Tauck is hoping to boost its trade relationships as it continues to expand its presence in the UK, following the appointment of Winston Churchill’s granddaughter as its brand ambassador.
Speaking in London last week, Tauck’s vice-president of global sales Steven Spivak said the line was focused on growing its UK business – with agents at the heart of it.
The line opened its first UK office in 2014, and during the past two years has been steadily expanding, creating a sales team of three and a reservation centre, and offering pricing in sterling rather than dollars.
It is now a member of Abta and has its own Atol, while Spivak said the line had also recently joined Aito.

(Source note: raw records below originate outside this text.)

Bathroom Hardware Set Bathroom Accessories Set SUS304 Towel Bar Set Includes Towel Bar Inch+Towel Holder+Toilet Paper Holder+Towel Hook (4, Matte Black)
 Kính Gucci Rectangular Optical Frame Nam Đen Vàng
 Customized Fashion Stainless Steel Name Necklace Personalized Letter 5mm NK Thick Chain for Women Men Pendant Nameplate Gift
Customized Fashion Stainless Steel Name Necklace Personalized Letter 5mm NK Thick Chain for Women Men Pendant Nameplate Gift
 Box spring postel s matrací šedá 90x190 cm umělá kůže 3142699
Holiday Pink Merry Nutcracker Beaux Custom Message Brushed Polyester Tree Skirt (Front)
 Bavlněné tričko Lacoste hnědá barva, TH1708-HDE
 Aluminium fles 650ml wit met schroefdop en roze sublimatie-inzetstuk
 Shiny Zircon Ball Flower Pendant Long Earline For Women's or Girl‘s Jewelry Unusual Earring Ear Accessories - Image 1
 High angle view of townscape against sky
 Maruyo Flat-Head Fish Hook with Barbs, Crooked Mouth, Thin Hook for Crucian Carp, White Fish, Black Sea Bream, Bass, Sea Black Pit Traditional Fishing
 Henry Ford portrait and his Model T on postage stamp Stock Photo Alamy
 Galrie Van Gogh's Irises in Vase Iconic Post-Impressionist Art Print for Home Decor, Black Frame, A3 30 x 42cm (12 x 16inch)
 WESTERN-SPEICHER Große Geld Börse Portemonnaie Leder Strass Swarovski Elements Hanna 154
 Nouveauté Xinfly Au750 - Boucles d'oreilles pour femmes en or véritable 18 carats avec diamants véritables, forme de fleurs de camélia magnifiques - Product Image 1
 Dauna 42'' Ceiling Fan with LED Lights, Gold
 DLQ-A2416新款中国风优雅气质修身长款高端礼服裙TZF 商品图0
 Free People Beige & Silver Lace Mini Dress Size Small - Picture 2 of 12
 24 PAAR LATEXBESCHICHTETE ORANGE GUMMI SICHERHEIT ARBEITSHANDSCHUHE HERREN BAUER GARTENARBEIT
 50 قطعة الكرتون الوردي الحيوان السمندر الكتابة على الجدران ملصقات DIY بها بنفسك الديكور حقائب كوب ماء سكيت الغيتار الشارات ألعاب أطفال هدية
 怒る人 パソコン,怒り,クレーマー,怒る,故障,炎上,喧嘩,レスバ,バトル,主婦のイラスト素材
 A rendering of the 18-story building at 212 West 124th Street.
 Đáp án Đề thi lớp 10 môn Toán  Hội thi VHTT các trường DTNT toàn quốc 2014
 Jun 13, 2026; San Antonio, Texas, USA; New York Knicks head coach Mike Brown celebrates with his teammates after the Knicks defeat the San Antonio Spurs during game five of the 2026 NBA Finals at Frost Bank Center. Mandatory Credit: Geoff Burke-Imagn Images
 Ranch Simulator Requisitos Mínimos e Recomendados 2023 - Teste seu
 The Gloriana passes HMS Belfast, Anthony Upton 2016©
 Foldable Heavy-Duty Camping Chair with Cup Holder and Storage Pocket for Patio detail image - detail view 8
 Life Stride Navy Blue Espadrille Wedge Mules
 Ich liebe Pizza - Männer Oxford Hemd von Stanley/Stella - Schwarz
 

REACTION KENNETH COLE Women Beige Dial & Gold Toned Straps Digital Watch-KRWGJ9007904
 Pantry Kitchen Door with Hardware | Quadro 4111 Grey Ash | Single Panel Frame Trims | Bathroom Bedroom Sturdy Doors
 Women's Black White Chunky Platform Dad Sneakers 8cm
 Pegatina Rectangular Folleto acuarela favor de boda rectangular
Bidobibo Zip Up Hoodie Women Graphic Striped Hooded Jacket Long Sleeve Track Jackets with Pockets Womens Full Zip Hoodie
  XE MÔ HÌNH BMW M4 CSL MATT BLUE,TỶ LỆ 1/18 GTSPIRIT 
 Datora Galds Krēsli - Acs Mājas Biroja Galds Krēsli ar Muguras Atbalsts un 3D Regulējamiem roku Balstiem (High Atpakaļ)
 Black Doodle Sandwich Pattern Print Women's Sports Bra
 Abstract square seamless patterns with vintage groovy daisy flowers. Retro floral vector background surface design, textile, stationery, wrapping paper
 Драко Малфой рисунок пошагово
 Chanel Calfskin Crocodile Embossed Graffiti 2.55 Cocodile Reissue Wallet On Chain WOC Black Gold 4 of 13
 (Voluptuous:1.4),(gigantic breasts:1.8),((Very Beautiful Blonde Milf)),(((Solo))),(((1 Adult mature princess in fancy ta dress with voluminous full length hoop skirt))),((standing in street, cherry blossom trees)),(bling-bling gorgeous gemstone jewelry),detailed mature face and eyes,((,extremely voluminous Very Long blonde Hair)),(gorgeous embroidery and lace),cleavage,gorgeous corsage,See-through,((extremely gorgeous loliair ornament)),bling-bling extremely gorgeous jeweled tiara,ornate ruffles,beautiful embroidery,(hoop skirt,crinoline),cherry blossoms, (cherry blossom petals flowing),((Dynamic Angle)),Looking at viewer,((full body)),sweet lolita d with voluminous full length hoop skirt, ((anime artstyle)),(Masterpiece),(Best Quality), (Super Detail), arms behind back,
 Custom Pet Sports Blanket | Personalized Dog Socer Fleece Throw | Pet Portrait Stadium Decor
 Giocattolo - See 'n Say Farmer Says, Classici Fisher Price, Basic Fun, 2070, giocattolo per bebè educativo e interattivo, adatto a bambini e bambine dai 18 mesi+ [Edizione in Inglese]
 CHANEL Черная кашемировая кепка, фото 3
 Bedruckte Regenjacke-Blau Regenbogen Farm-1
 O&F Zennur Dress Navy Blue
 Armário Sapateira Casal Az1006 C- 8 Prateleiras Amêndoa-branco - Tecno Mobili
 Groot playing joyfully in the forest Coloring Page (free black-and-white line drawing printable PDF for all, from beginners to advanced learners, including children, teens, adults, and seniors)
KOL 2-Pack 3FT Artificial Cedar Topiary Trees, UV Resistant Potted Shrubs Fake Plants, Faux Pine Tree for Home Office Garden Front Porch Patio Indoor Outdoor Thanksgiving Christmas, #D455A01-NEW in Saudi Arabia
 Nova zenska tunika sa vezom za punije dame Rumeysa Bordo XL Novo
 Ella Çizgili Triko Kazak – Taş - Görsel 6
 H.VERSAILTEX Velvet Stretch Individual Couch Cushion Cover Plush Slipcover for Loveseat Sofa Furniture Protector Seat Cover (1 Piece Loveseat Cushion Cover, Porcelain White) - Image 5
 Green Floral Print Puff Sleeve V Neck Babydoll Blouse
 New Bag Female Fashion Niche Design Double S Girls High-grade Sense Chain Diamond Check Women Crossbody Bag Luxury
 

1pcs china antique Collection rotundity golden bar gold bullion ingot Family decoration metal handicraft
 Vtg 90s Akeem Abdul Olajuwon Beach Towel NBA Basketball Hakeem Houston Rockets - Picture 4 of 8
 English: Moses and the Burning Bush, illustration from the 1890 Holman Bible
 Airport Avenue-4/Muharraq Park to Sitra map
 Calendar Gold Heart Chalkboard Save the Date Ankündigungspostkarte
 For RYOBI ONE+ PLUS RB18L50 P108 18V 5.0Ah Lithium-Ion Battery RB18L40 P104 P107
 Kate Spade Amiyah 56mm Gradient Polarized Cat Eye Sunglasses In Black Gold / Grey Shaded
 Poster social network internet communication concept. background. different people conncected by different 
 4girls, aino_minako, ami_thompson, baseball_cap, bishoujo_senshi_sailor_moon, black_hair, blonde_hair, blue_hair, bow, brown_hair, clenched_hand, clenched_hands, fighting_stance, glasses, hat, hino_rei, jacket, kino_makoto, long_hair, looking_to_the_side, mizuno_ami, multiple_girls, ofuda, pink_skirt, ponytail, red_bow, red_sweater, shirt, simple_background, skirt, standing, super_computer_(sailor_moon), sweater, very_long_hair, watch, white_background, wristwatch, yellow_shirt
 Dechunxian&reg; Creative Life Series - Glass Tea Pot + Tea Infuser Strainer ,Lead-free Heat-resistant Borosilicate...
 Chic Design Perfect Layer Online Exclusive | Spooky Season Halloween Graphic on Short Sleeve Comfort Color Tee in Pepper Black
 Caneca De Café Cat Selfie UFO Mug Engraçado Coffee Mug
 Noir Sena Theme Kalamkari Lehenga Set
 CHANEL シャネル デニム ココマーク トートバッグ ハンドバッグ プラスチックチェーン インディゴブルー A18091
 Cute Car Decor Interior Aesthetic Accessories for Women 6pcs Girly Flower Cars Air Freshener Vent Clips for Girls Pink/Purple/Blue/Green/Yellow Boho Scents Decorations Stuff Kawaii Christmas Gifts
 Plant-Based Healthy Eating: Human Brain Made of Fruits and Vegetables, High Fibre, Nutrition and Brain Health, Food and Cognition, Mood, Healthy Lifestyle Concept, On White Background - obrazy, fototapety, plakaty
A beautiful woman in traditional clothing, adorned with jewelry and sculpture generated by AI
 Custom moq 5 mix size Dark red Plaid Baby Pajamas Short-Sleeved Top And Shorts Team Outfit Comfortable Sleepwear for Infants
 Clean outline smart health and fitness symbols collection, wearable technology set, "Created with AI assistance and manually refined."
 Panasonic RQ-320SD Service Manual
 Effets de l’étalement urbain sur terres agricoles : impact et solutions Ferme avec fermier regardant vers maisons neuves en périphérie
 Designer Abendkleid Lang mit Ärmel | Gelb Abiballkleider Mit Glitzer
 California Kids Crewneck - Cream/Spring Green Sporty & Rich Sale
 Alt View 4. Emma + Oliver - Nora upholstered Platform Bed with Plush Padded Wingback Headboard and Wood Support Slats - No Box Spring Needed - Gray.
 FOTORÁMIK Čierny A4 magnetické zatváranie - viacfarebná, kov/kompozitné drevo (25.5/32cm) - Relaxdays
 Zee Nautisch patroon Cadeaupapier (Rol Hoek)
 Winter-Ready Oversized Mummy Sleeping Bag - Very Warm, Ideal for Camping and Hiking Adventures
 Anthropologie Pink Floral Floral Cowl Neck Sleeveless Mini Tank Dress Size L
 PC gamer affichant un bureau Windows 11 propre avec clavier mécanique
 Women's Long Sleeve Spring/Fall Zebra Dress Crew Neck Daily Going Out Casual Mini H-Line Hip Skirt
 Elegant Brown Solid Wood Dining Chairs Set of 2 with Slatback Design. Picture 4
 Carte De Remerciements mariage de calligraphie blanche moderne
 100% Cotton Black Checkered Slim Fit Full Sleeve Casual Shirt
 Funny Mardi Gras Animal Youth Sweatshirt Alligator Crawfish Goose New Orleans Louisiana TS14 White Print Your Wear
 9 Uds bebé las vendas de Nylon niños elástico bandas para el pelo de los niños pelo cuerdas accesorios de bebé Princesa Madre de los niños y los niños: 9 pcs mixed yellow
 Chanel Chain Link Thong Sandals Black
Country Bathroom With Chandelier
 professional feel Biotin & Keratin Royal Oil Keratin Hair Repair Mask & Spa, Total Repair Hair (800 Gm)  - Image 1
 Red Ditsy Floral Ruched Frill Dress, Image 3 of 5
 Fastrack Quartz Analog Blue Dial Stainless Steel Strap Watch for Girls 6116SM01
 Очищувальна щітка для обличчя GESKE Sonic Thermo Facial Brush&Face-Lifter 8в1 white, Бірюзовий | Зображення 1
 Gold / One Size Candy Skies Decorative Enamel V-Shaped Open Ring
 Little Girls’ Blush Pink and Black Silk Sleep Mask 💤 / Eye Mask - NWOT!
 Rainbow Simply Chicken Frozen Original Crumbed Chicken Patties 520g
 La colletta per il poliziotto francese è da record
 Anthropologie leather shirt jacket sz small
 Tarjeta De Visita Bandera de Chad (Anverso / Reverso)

“More than 90% of our business comes through the trade,” he said. “We are nothing without the trade.”
He added that the line’s new “agent certification programme”, which educates agents about the company, had proven particularly beneficial. “We’ve done three of them – two on river cruises and one in the Langham Hotel in London. We’re going to be doing another one in February in the Langham too, with another 50 agents.”
Tauck also launched a new “partner advisory board” in May, which Spivak said had helped the line better meet the needs of agents.
“We had 15 travel agency owners who came together for a meeting to discuss what they thought of us and what they thought we should be doing more of. It’s about us saying: ‘We don’t have all the answers – we want you to tell us’,” he told TTG.
Spivak said the results from it had been “amazing”. “It’s changed the course of everything that we do”.
The line will also be holding another advisory board meeting with the same agents at the Balmoral Hotel in Edinburgh later this year.
“The trade are everything to us,” Spivak added. “They can give us the endorsement which we could never get on our own.”
Spivak was speaking at an event to mark the news that Celia Sandys had become the line’s new brand ambassador (the two are pictured together above). She spoke of the holidays she took with her grandfather, and revealed that Churchill would have greatly enjoyed river cruising, had it been more common at the time.
“His favourite pastimes were painting and swimming, so anywhere that he could do both of these things were perfect holidays for him,” she added.